Task item
From the listing below, reproduce exactly the lines starting with the one with "Imán Ornamento fractal multicolor" and going on through the one with "Pink Petals and", both ends kept. No picture is copied.

Input data
• • •

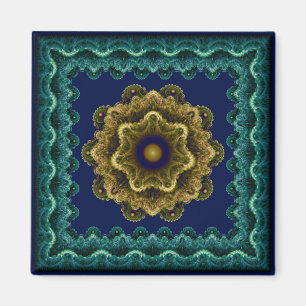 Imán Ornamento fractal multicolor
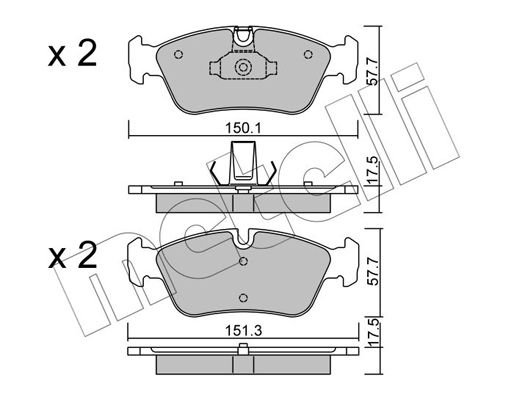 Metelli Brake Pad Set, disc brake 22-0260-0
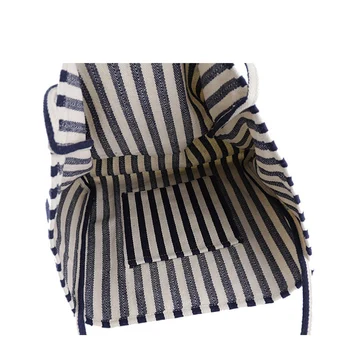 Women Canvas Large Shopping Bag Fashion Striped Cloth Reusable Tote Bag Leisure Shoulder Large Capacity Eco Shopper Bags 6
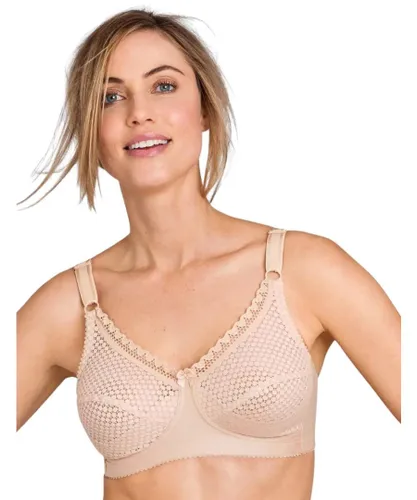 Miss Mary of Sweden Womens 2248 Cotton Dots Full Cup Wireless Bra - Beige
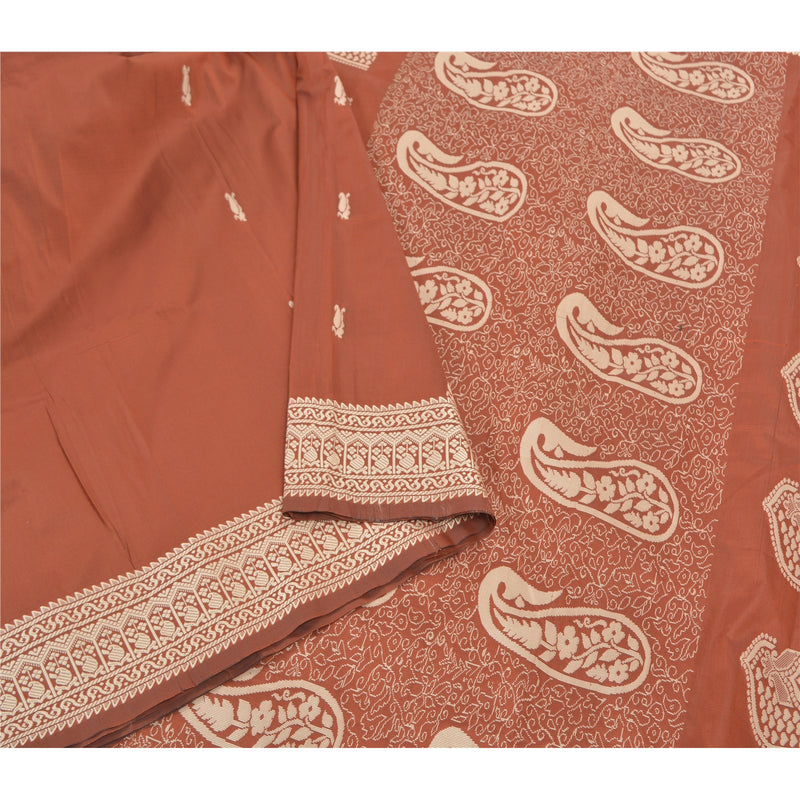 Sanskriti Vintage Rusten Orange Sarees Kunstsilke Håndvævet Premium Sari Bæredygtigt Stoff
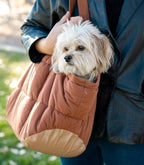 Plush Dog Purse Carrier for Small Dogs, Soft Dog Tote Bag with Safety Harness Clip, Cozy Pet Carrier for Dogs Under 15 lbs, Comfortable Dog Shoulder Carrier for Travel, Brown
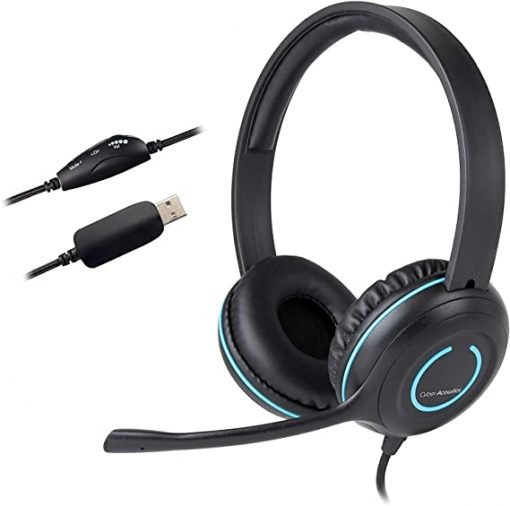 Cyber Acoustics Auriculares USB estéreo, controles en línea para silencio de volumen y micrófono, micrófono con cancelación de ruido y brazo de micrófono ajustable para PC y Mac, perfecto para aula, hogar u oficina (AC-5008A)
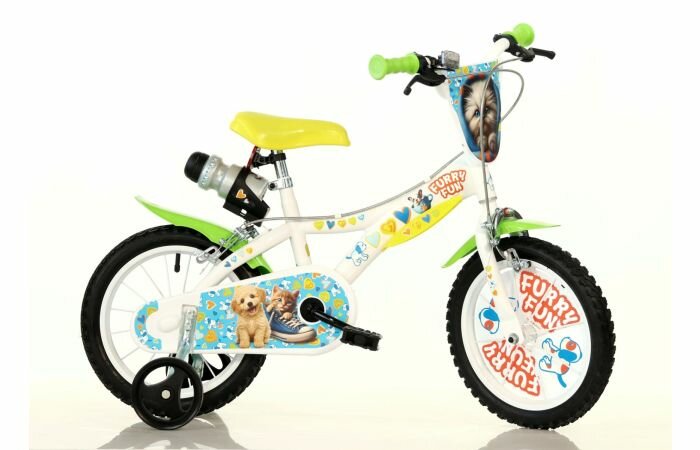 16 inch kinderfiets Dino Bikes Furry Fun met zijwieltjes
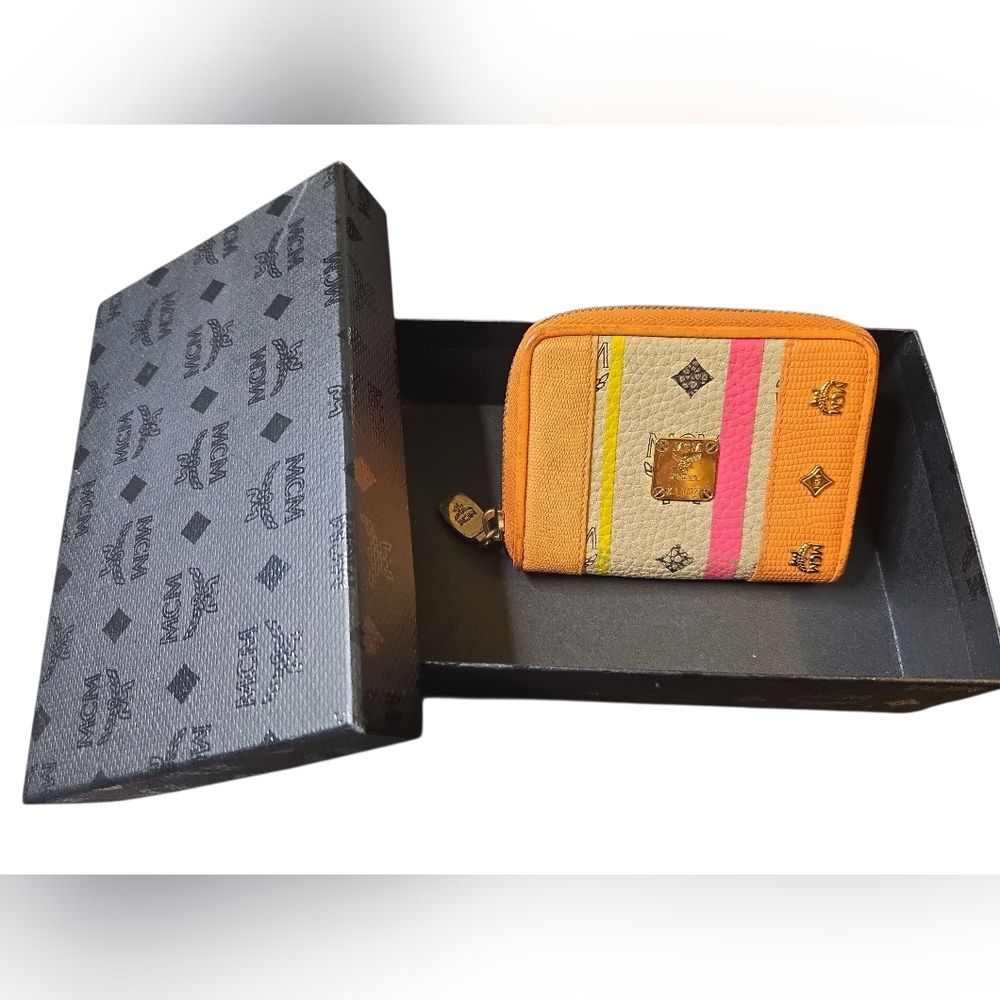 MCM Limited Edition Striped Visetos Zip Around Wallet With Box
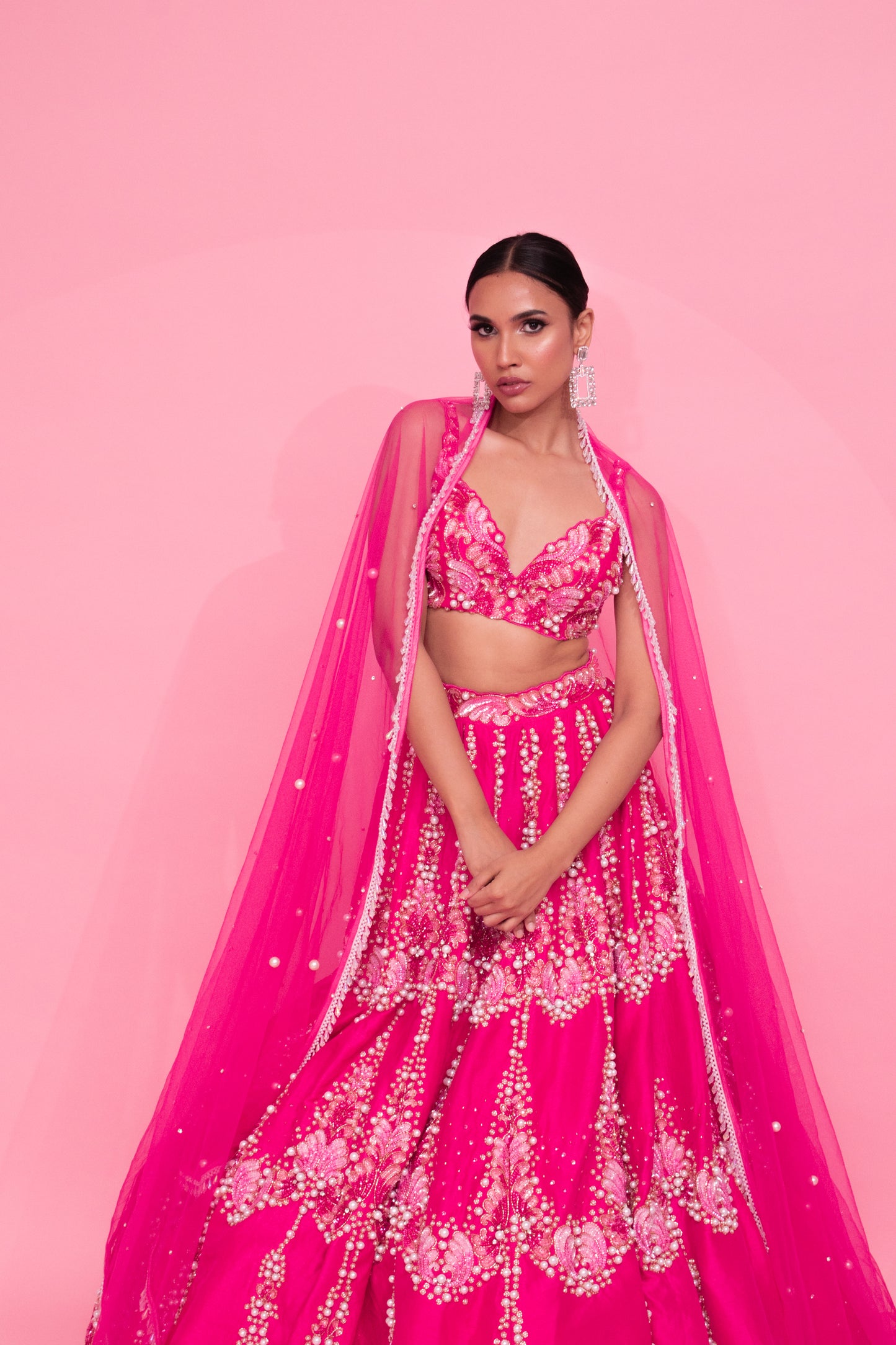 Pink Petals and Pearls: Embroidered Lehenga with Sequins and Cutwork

• • •

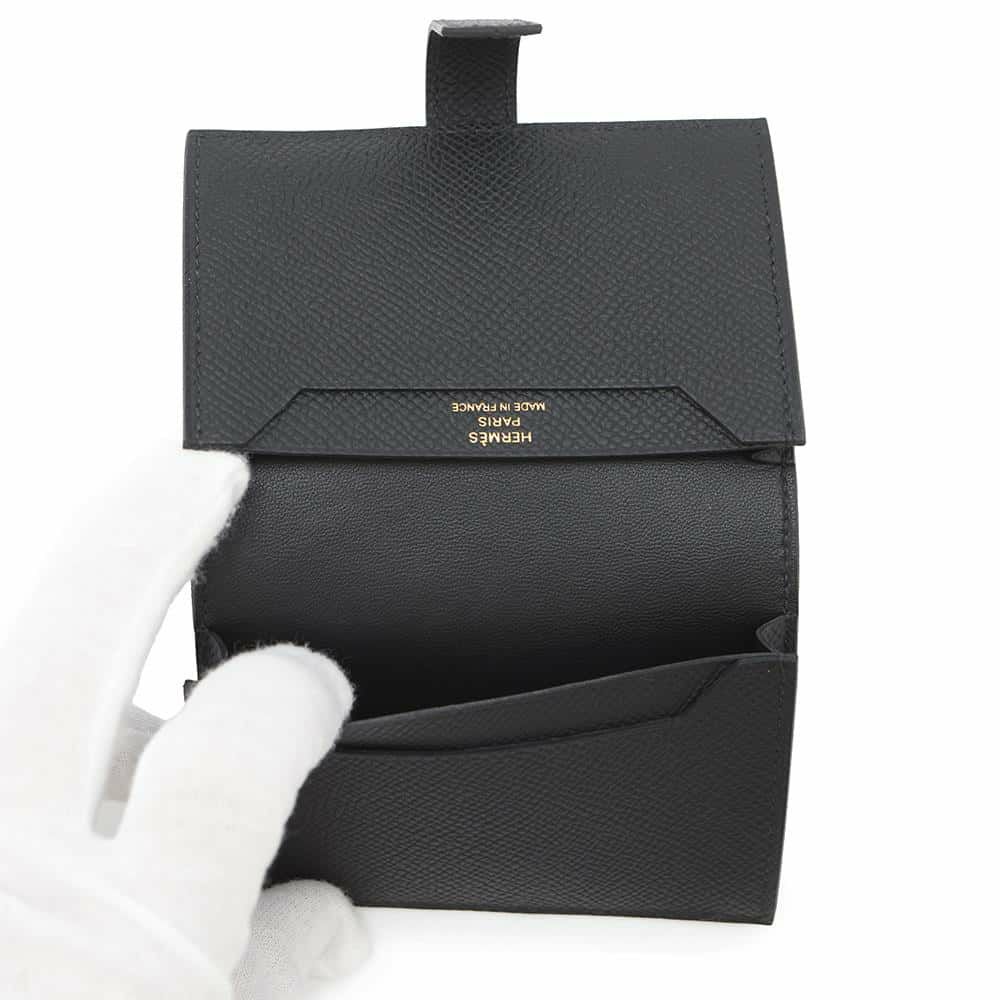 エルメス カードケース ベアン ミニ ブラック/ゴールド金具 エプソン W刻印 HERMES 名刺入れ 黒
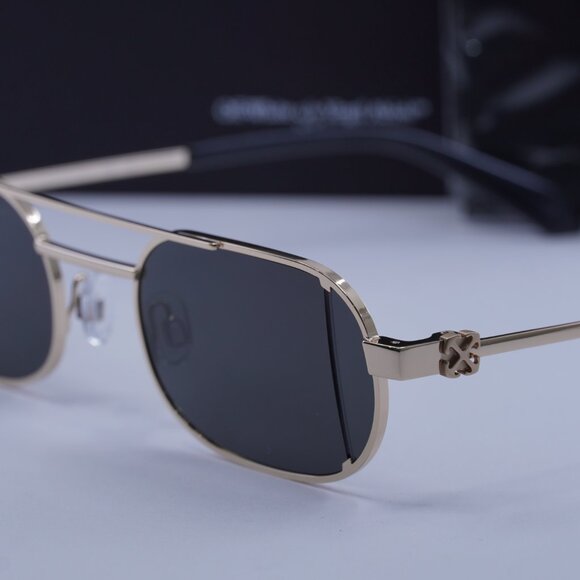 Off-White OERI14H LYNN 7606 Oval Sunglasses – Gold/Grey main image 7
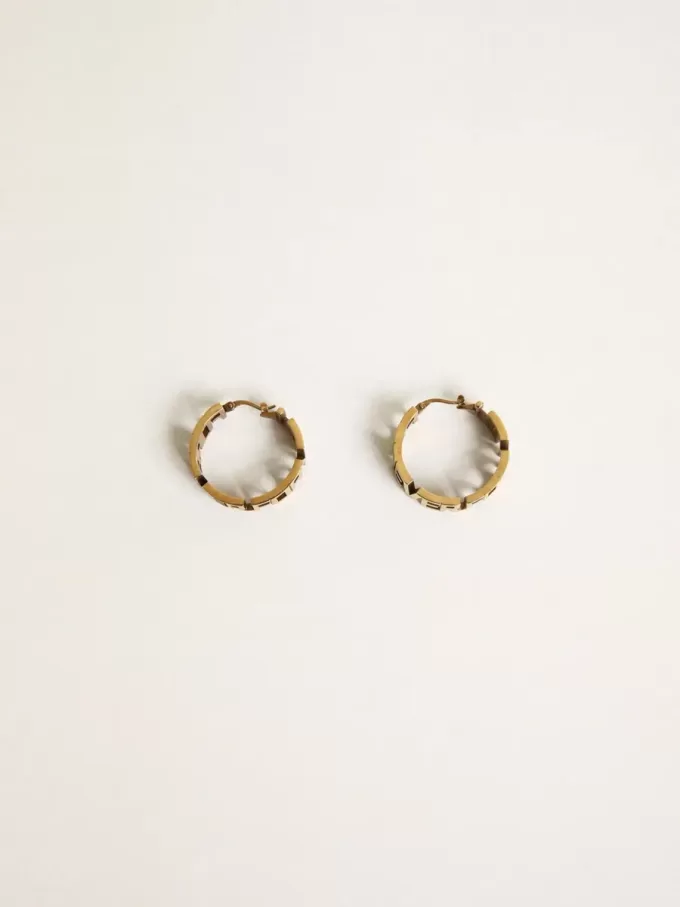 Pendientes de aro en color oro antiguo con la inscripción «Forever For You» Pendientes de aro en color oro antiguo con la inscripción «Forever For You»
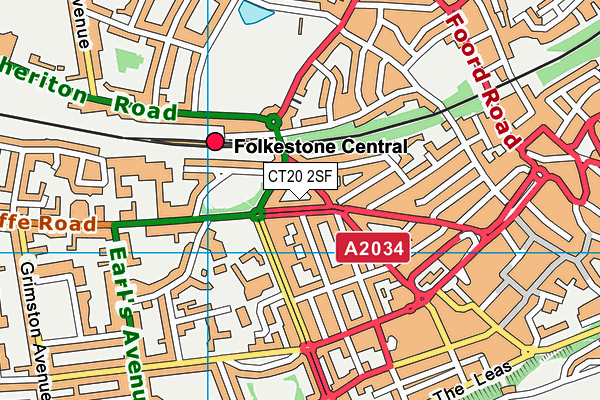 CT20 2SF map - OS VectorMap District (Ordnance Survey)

• • •

Expected output
 Imán Ornamento fractal multicolor
 Metelli Brake Pad Set, disc brake 22-0260-0
 Women Canvas Large Shopping Bag Fashion Striped Cloth Reusable Tote Bag Leisure Shoulder Large Capacity Eco Shopper Bags 6
 Miss Mary of Sweden Womens 2248 Cotton Dots Full Cup Wireless Bra - Beige
 Sanskriti Vintage Rusten Orange Sarees Kunstsilke Håndvævet Premium Sari Bæredygtigt Stoff
 Plush Dog Purse Carrier for Small Dogs, Soft Dog Tote Bag with Safety Harness Clip, Cozy Pet Carrier for Dogs Under 15 lbs, Comfortable Dog Shoulder Carrier for Travel, Brown
 Cyber Acoustics Auriculares USB estéreo, controles en línea para silencio de volumen y micrófono, micrófono con cancelación de ruido y brazo de micrófono ajustable para PC y Mac, perfecto para aula, hogar u oficina (AC-5008A)
 16 inch kinderfiets Dino Bikes Furry Fun met zijwieltjes
 MCM Limited Edition Striped Visetos Zip Around Wallet With Box
 Pink Petals and Pearls: Embroidered Lehenga with Sequins and Cutwork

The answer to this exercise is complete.